US Immigration Reform 2013: E-3 Visas for Ireland & South Korea, ESTA for Poland & 8 Month Tourist Visas For Canadians

In the US Immigration Reform 2013 bill submitted in April to the US Senate, there are actually a few provisions hidden in the fine details of the bill that most people, including me, missed. Essentially these are new special immigration rules specific to certain countries to address supposed inequities in the law as stated by Gang of Eight co-sponsor, Senator Charles Schummer of NY.

The reality of these country specific immigration reforms is that they are the result of heavy lobbying from local ethno-centric interest groups and foreign governments on behalf of their citizens. For example the lobbying effort for an E-3 visa for Irish citizens similar to the E-3 visa for Australian citizens has been going on pretty much since 2005 when the Australian version was introduced and in reality in some form since 1990 when a previous amnesty of sorts (often known as the Morrison visa) when a one-off change gave a visa to over 40,000 Irish citizens in the US.

Current estimates state their are probably 55,000 illegal Irish immigrants in the US but these are rarely mentioned in the press and not considered high priority anywhere in US Government or society for demonization because of the long Irish connection of immigration to the US dating back to the 1800s mainly. Cities like Boston, Chicago and NY are well known for their huge Irish ancestry, large St.
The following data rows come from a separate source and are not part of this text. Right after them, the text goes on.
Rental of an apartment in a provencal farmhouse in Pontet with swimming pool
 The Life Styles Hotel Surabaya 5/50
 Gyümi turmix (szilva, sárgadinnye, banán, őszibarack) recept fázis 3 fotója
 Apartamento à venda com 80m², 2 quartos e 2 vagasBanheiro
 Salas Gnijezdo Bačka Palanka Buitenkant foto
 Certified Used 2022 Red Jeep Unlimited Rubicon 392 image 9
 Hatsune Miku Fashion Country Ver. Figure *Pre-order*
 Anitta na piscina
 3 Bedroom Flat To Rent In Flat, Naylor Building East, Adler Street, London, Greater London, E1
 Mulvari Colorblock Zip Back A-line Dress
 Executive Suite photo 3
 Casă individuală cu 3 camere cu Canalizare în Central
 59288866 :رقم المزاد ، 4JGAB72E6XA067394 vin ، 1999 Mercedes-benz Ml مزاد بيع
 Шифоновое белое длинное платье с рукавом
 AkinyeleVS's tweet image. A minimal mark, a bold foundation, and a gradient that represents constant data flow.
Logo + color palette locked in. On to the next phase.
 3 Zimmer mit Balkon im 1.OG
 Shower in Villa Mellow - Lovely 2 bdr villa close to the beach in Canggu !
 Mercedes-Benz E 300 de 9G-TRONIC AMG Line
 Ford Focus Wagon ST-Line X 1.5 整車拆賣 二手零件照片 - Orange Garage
Patrick’s Day Parades, identification in law enforcement like the BPD & NYPD and major US figures like President John F. Kennedy.

The four country specific changes proposed in the original version of the bill now being scrutinized particularly on the Republican side of the Senate for Canada, South Korea, Ireland and Poland are;

1. E-3 Visa for Irish citizens with a quota of 10,500 (exactly the same as E-3 Visa currently for Australians)

2. Polish Citizens to no longer need a tourist visa like the B-1 and be on the Visa Waiver list with the ESTA

3. Canadian Citizens over the age of 55 who do no intend to work in US be allowed to stay for up to 240 Days consecutively (up from current 180 day level)

4. E-3 type visa for South Korean citizens with a quote of 5,000 given their similar free-trade agreement with US in 2011 (an original separate bill was proposed earlier with a quota of 15,000)

It will be interesting to see if in whole or part if Immigration Reform passes whether these minor parts of the legislation are allowed to stand.